SOME council staff will start industrial action on Thursday and go on strike next week over a dispute over conditions relating to compliance officers.
Redland City Council staff who are members of The Services Union are involved in the dispute.
TSU lead organiser Ben Jones said council management had tried to slash wages and conditions for parts of the workforce during negotiations that started in the middle of the year.
“...During the process our members have been resolute and have been able to win most arguments,” Mr Jones said.
“However, a sticking point is council’s refusal to guarantee the current conditions of compliance officers in the environment and regulation unit, who could potentially lose thousands of dollars per annum under the council proposal.
“These officers deliver front-line services to keep the community safe but, basically, management wants the ability to throw them under the bus.”
Mr Jones said the action could include a ban on collecting rates, fines and late fees as well as stop-work action and wearing campaign badges.
He said council had applied to the Queensland Industrial Relations Commission for a hearing to decide which employees were covered by the bargaining agreement.
“This is a further disruptive tactic by council management to delay the first pay increase, which is proposed to happen only when the enterprise bargaining action gets certified,” Mr Jones said.
“Council says they want the same thing that our members do, which is maintenance of current arrangements but rather than put wording into the new EBA to reflect that, they’ve embarked on a potentially lengthy and costly QIRC process.
“Rather than sitting down and discussing the wording of the EBA sensibly, council prefers to threaten our members with being locked out if they wear a badge.”

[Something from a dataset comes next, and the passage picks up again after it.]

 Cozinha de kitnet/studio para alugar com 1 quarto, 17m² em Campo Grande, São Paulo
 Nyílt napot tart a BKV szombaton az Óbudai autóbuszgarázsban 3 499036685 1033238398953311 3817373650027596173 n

TSU secretary Neil Henderson said council had been notified that members might take action like refraining from answering emails or issuing fines.
Council has been told members would strike on Wednesday, December 12 from 8am to 10am.
Mr Henderson said the union had been told by council that if staff wore campaign badges or clothing, they would be refused entry to council buildings.
“Council would rather lock people out than let them wear a badge,” Mr Henderson said.
A council spokesperson said the union had threatened as part of its industrial action to wear campaign badges and clothing, and ban answering and responding to emails.
The spokesperson said employees were free to wear campaign badges or clothing where they were not required to wear a council uniform for health and safety or community identification purposes.
”Council has advised that staff not answering or responding to emails or wearing a uniform when required to do so is unacceptable,” the spokesperson said.
“Members who choose to only perform part of their role should not attend the workplace.”
The spokesperson said council had offered a working arrangement that allowed for a four-day-on, four-day-off roster for some units but all proposals around that had been withdrawn by council.
”Council maintains two separate agreements for officers and outdoor workers,” the spokesperson said.
“An agreement for outdoor workers is concurrently being negotiated.”